The premise of The Drowsy Chaperone is a view inside the mind of the ultimate believer, Man in Chair, who guides the audience through a performance of his favorite musical. His lonely existence is enlivened for 90 minutes by the cheesy cast and their dumb songs. At the finale, as the principals fly away with an aviatrix (don’t ask), and he is left alone on the dark stage.
Everyone loved it! What a fun show! Teeth were bared, hurrahs went up. And center right in row R, I was curled into the fetal position, sobbing. It was the single saddest thing I’d ever seen in a theatre, and that includes long and regrettable evenings of O’Neill. Forget dark family secrets and addictions. This was about something that really mattered. That show was all he had. Now it was over. He was a believer and he was all alone.

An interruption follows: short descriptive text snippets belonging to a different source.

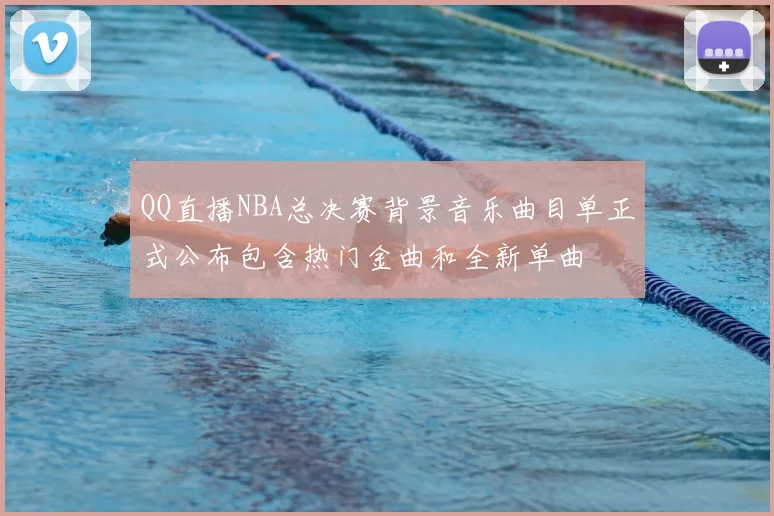 QQ直播NBA总决赛背景音乐曲目单正式公布包含热门金曲和全新单曲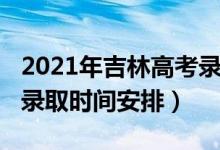 2021年吉林高考錄取時(shí)間（2021年吉林高考錄取時(shí)間安排）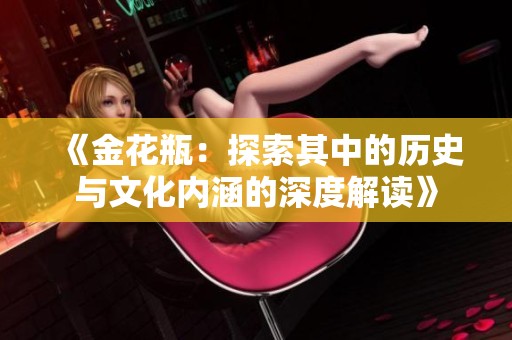 《金花瓶：探索其中的历史与文化内涵的深度解读》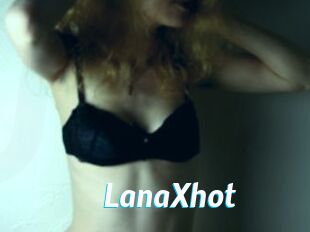 LanaXhot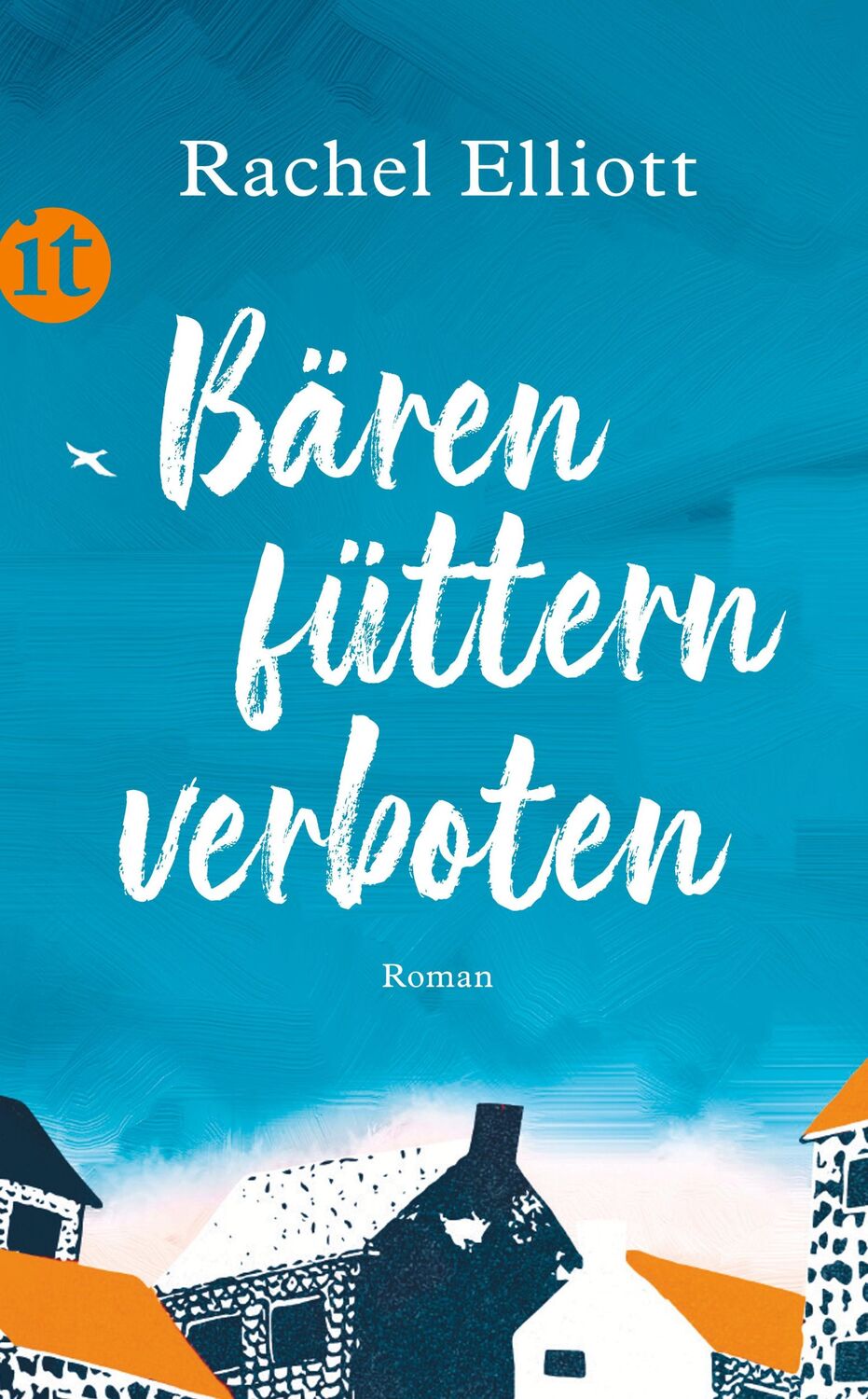 Cover: 9783458682073 | Bären füttern verboten | Roman Das perfekte Geschenk zum Muttertag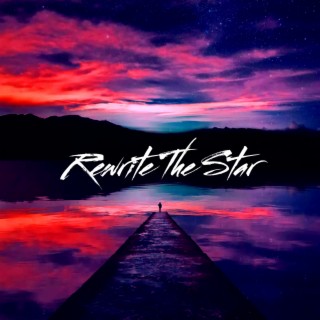 Rewrite The Stars lyrics | Boomplay Music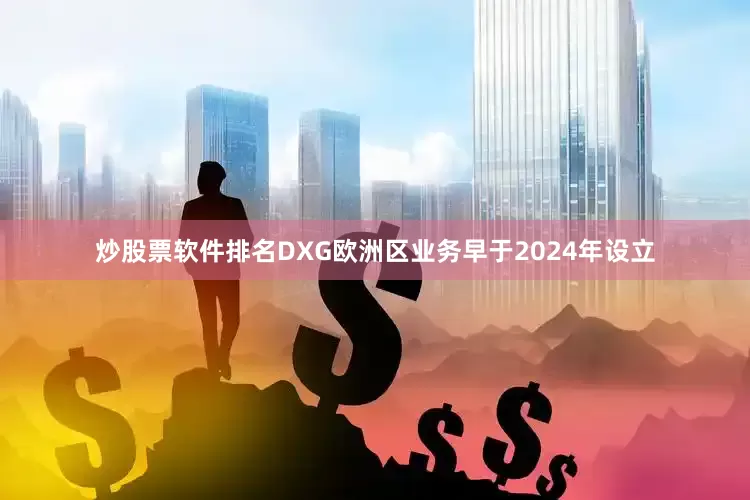 炒股票软件排名　　DXG欧洲区业务早于2024年设立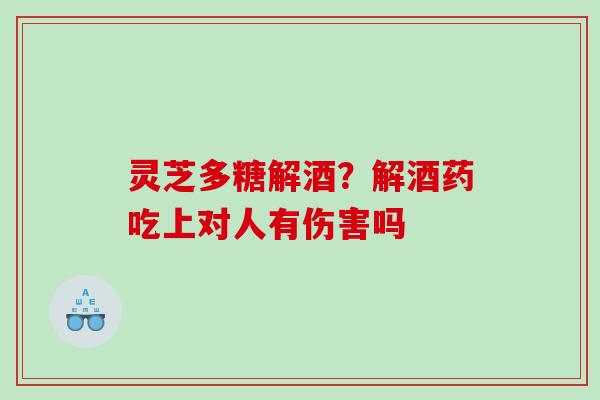 灵芝多糖解酒？解酒药吃上对人有伤害吗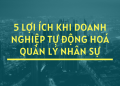 5 LỢI ÍCH KHI DOANH NGHIỆP TỰ ĐỘNG HÓA QUẢN LÝ NHÂN SỰ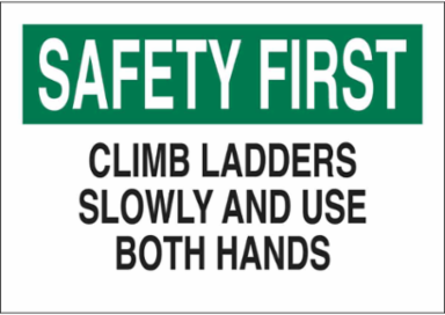 SAFETY FIRST Climb Ladders Slowly And Use Both Hands Sign, 7" H x 10" W x 0.006" D, Polyester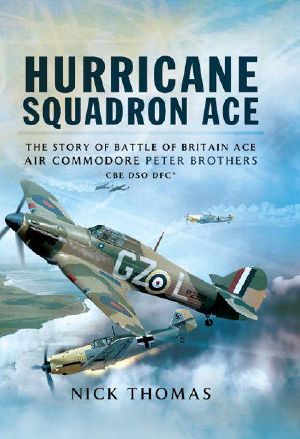 [Hurricane Squadron Ace 01] • Hurricane Squadron Ace · The Story of Battle of Britain Ace, Air Commodore Peter Brothers, CBE, DSO, DFC and Bar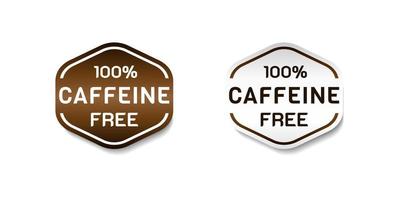 Hundred Percent Caffeine Free Label Sticker. With gradient brown and white color. Premium and luxury button template vector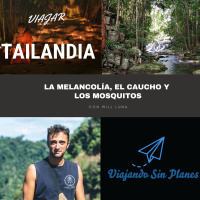 #150 TAILANDIA: La melancolía, el caucho y los mosquitos - Episodio exclusivo para mecenas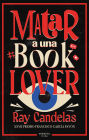 Matar a una booklover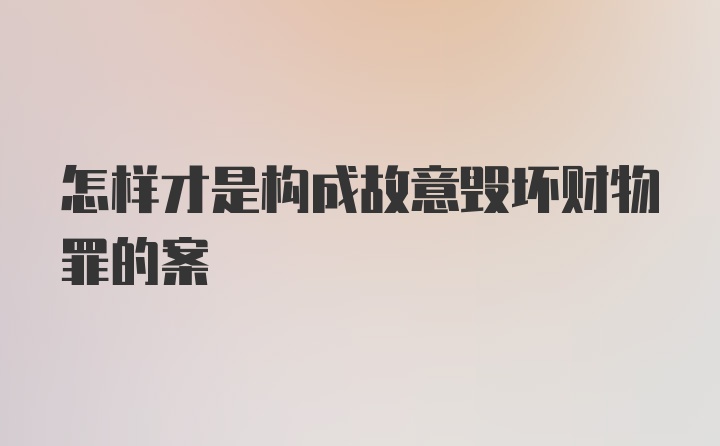 怎样才是构成故意毁坏财物罪的案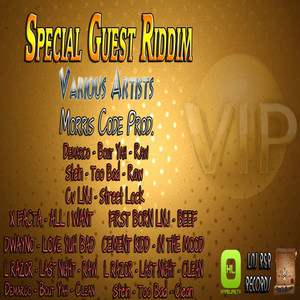 Special Guest Riddim (Explicit)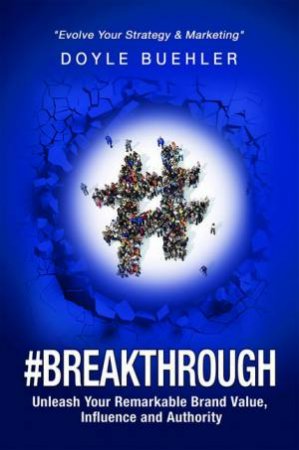 #Breakthrough by Doyle Buehler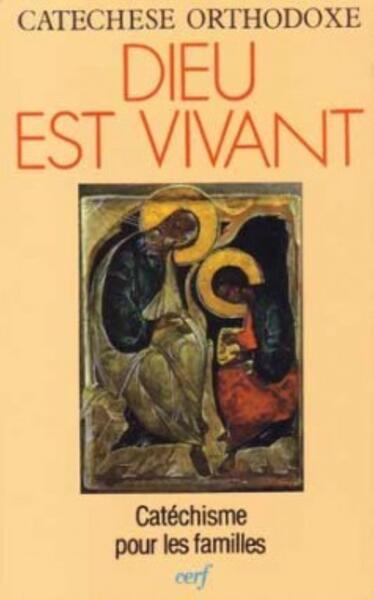 Dieu est vivant : Catéchisme pour les familles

No one saw that. They saw Sutton Foster and lots of chorus girls. Plus, they'd paid $125 a seat, so they were going to smile, dammit. They filed past Row R with those smiles plastered on their dumb mugs, moving a little faster to get past the Crazy Crying Lady. My believing friend patted my hand. She understood, but she clearly was holding onto her dignity. My non-believing friend, the one who once had to threaten to take the car and leave me without a ride home when I had a nervous collapse during Now Voyager at an art house cinema twenty-five years ago, just sighed and waited. She had no idea what the problem was, but she figured it would pass.
Why did I cry? Believers always cry. We cry when what we want seems so close but remains forever out of reach. And also, that’s right, we cry when we’re happy, when we’re “literally covered with joy sweat,” to quote Seth. For me, make-believe provides them both -- the yearning and the fleeting-but-wonderful moments of joy, accompanied by lots of Joy Sweat.
So I keep on believing, and encouraging Mary Katherine to believe, and who knows, maybe someday, we’ll toast each other with perfect Manhattans at Novello’s Nightclub, right before the Haynes Sisters come on for their one-song act.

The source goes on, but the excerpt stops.